Le 12 Janvier, un violent tremblement de terre touche la capitale haïtienne. Le 20 janvier, une nouvelle secousse. Le monde se précipite pour déblayer, filmer, soigner et financer, indigné face à une telle « fatalité ». Malheureusement, la vulnérabilité d’Haïti n’est pas le fruit du sort, quelle tristesse qu’il faille telle urgence pour que l’on s’en préoccupe…
Un pays au lourd passé
Haïti, c’est le quart ouest de l’île d’ Hispaniola, ayant pour capitale Port-au-Prince et langues officielles le français et le créole haïtien. Les ¾ restants de l’île constituent la République Dominicaine, hispanophone. Deux États sur une si petite île, cicatrices coloniales ? En bref, les espagnols furent les premiers (1492), les français suivirent (1697), exploitant chacun sa partie de l’île. Un pillage des ressources en bonne et due forme (or, bois) alimenté par une traite de l’esclavage bien rodée fit d’Haïti, à la fin du 18e, « La Perle de caraïbes».
Première colonie à abolir l’esclavage et à gagner son indépendance en 1804, pour la modique dette de 54 milliards de francs or, Haïti est marquée par son héritage. Des dégradations environnementales effarantes, une économie dépendante et endettée, des famines à répétition alors que 80% des haïtiens travaillent la terre. Recette imparable du sous-développement savamment maintenue par le système commercial.

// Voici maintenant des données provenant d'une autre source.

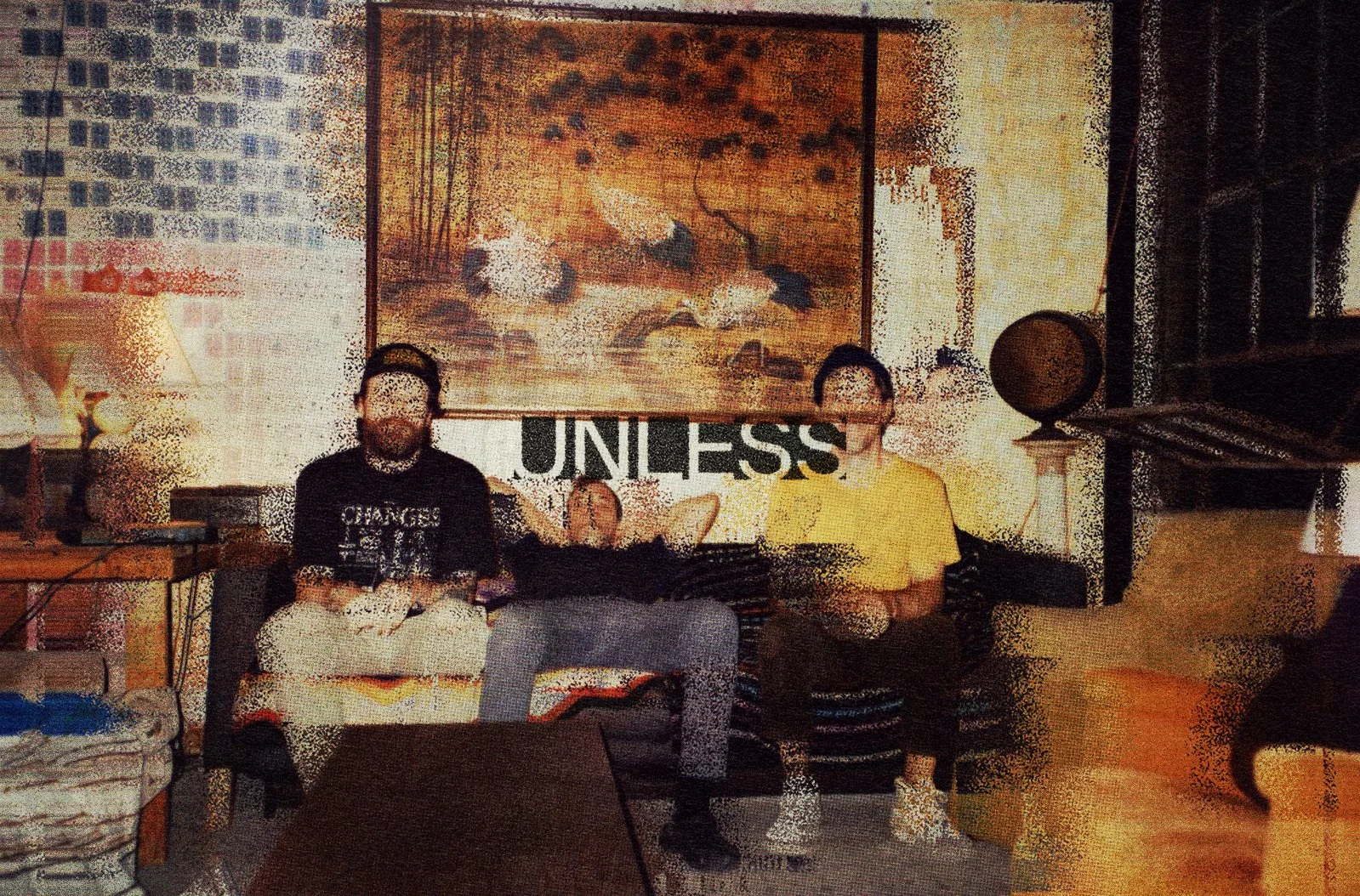 Daniel Davison, Mike Weiss, and Bryan Taylor sitting on a sofa at Headroom Studios in Philadelphia, during the recording of the Unfeeling EP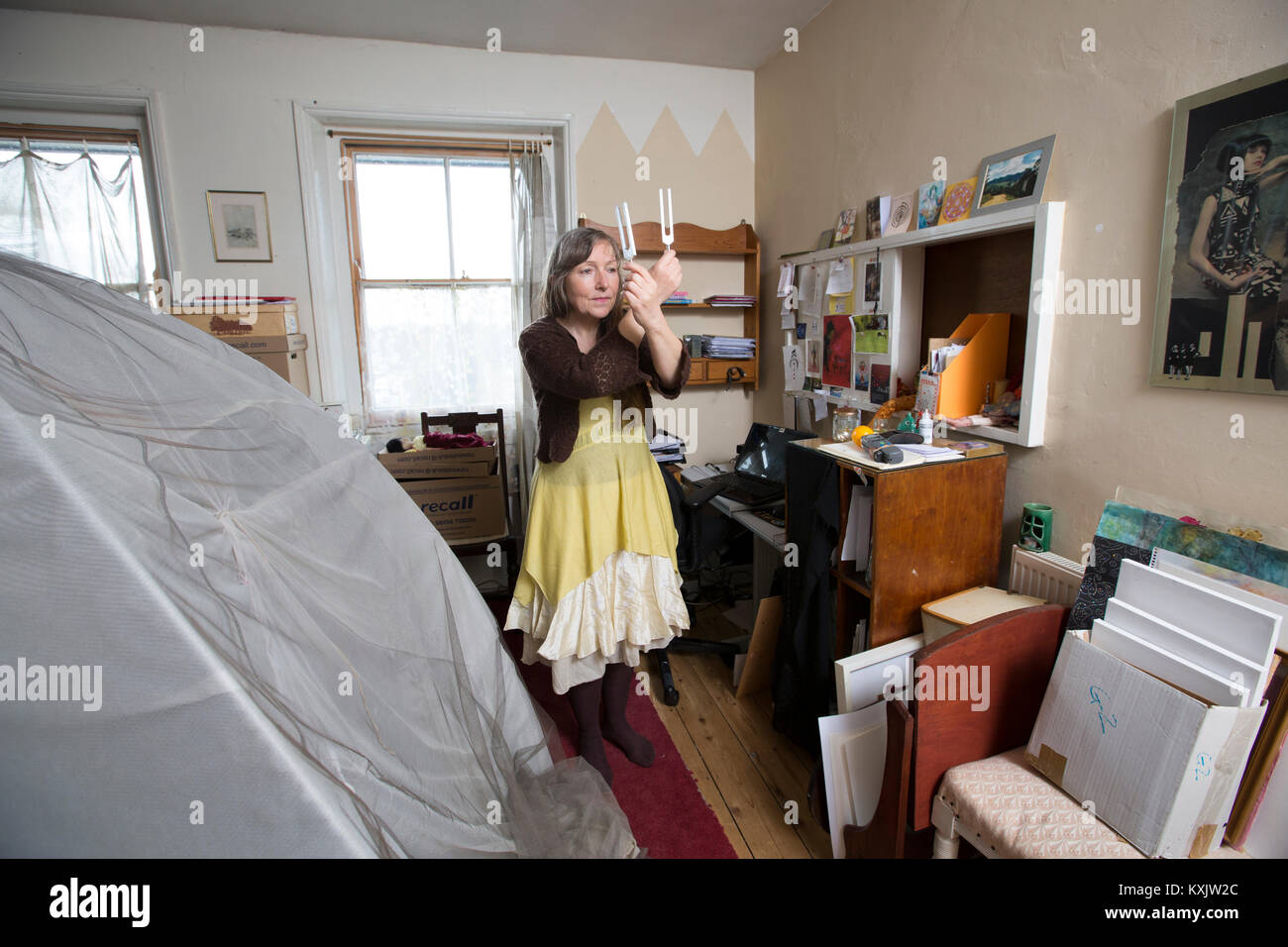 Femme qui souffre du syndrome d'hypersensibilité électromagnétique de l'intolérance qui y est associée (EHS) maintenant la guérison Diapasons et dort à l'intérieur d'une cage de Faraday, UK Banque D'Images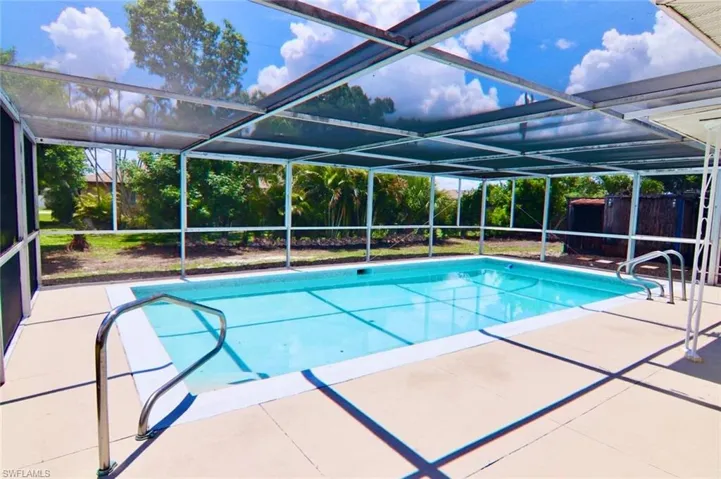Screened pool enclosure featuring an in-ground swimming pool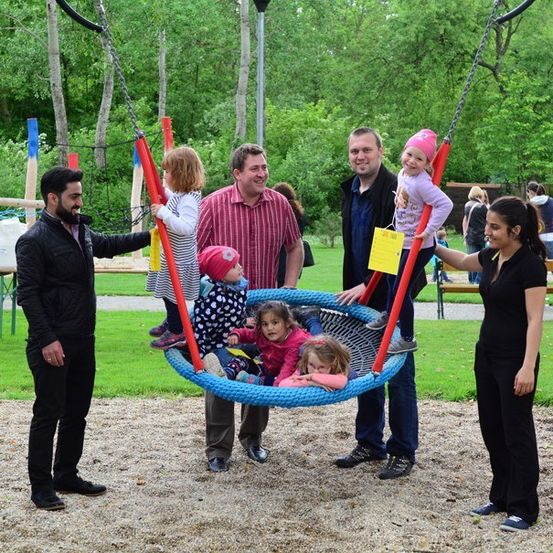 Eine Gruppe von Erwachsenen und Kindern versammelt sich um eine blaue Schaukel in einem Park. Einige Kinder sitzen auf der Schaukel, während andere in der Nähe stehen. Die Erwachsenen lächeln und scheinen für ein Foto zu posieren.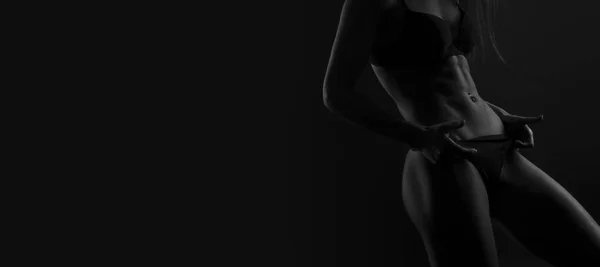 Young woman in underwear on black background. Fitness, diet, skin and body care. Black and white color filter — Stok fotoğraf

Enfin, Haïti est entrée dans le XXe siècle occupée militairement par les Etats-Unis (1915-1934), qui n’ont eut de cesse d’intervenir dans la politique intérieure de l’île (1991, 1994, 2004). La bienveillance américaine (un grand merci à ce vieux Bill) a successivement soutenu amis et ennemis, stationné des Boys sur l’île et imposé un embargo économique (1991-1993). Située à seulement 1100 Km de Miami, quelques coups de rame de Puerto Rico et des îles Vierges américaine, Haïti est stratégique dans la version Caraïbes de la Doctrine Monroe : L’Amérique aux américains.
Alors oui, c’est le sort qui fait trembler la terre, mais notre histoire qui explique la douloureuse vulnérabilité d’Haïti. Espérons qu’elle ne se répète pas à l’infini.
L’aide d’urgence : une arme douce ?
Dans les medias, la stigmatisation prime. On met en scène des assassins sortis par la grande porte de la prison effondrée afin de légitimer la présence de militaires lors d’une crise humanitaire. Certes, la sécurité est difficile à assurer, le pays a un passé récent de violences civiles, des centaines de milliers de personnes ont tout perdu et n’ont ni eau ni nourriture depuis une semaine. Mais il y a aussi tous les rescapés qui s’activent dans les décombres, ceux qui creusent les fausses communes, pleurent leurs morts et prient.
Alors soyons directs : les demi-mots sur l’intervention massive de l’armée américaine à Port-au-Prince sont dérangeants. 10 000 soldats américains qui débarquent suite à un tremblement de terre, ça ne vous met pas la puce à l’oreille ? Quelques éléments de comparaison : fin 2008 il y avait 26 000 soldats américains en Afghanistan, après 7 ans de guerre. La France a envoyé 100 gendarmes, l’Union Européenne 140 et l’ONU 3500 casques bleus. L’armée américaine contrôle l’aéroport, c’est-à-dire l’arrivée de l’aide internationale. Problèmes d’organisation ou choix de priorité, mais l’ONG Médecins Sans Frontières a attendu deux jours son matériel médical. N-y a t-il pas derrière cet excès des intentions de mise sous tutelle à plus long terme, sous couvert de reconstruction ? C’est important de se le demander, histoire de voir venir le prochain coup d’État.